**AIM OF THE EXERCISE**
Lines from the beginning of the data below through the one containing "20210724111854-01" are to be printed exactly as they appear.

Records from a collection
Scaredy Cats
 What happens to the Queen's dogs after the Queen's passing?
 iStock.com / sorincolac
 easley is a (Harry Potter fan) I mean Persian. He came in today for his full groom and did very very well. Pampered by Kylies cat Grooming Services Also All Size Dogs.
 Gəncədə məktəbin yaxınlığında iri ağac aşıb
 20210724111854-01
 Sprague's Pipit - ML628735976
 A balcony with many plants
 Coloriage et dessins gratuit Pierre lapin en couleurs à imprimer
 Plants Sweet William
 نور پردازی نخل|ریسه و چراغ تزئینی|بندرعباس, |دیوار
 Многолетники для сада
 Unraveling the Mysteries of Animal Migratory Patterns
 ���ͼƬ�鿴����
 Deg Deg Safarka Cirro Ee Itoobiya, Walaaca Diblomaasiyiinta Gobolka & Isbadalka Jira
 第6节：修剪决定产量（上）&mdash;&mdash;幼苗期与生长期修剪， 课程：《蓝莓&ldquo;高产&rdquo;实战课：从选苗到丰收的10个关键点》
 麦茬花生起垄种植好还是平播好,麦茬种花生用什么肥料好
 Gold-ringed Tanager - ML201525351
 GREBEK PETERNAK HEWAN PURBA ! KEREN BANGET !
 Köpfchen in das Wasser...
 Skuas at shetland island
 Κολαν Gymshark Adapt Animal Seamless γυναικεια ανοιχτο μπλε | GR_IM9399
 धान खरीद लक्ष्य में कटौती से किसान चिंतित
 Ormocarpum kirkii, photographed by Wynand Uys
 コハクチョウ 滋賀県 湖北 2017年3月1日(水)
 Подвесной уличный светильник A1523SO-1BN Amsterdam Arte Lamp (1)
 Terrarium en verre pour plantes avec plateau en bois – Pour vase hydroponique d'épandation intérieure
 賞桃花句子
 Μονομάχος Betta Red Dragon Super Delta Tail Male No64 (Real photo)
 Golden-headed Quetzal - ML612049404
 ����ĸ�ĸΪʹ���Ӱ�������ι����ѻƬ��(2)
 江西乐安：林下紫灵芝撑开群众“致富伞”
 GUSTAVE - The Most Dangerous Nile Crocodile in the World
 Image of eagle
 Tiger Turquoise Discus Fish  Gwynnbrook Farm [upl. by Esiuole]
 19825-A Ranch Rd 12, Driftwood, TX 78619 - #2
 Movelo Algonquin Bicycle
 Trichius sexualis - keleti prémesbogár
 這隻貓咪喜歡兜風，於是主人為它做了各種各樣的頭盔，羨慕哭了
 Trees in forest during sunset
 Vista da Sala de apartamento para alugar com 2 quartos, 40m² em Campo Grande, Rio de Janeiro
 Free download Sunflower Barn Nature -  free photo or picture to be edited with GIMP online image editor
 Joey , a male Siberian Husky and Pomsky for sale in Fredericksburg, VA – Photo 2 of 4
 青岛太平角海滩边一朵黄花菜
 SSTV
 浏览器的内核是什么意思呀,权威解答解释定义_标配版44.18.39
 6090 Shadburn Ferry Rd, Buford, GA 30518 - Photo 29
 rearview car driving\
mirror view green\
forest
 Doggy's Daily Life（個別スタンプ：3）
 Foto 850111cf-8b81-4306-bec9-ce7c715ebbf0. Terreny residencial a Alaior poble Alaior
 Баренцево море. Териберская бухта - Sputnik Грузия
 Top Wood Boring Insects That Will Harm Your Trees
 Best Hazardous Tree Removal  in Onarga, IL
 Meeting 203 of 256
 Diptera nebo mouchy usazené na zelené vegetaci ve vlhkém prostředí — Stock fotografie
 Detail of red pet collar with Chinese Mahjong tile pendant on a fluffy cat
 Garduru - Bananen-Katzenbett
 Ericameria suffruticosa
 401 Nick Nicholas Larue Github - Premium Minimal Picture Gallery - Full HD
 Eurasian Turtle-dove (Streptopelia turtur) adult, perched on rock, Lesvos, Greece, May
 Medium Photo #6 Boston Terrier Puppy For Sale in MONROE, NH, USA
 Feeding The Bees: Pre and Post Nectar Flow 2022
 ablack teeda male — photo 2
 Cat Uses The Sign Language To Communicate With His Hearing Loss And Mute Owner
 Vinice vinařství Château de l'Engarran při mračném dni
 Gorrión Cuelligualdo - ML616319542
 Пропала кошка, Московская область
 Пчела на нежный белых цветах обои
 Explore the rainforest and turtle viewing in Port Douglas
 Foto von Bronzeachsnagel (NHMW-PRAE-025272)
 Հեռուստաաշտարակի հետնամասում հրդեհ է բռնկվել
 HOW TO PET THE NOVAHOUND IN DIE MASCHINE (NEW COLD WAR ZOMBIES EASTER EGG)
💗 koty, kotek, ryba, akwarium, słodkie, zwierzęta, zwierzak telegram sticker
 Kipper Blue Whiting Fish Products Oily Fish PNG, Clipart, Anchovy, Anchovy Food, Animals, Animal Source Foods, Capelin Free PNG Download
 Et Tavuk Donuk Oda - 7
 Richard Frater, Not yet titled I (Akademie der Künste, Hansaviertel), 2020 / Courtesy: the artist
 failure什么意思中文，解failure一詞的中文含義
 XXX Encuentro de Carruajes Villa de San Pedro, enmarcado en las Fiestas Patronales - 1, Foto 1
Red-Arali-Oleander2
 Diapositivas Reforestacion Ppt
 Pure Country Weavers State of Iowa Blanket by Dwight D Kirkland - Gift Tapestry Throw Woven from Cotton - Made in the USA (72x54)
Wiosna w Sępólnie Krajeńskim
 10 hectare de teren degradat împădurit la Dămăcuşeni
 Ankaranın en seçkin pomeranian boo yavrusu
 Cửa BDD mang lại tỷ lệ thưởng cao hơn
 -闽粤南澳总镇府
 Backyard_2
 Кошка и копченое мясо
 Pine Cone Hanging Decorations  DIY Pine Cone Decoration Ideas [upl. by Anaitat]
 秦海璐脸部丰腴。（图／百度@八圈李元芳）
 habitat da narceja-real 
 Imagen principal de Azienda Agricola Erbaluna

**ANSWER BOX**
Scaredy Cats
 What happens to the Queen's dogs after the Queen's passing?
 iStock.com / sorincolac
 easley is a (Harry Potter fan) I mean Persian. He came in today for his full groom and did very very well. Pampered by Kylies cat Grooming Services Also All Size Dogs.
 Gəncədə məktəbin yaxınlığında iri ağac aşıb
 20210724111854-01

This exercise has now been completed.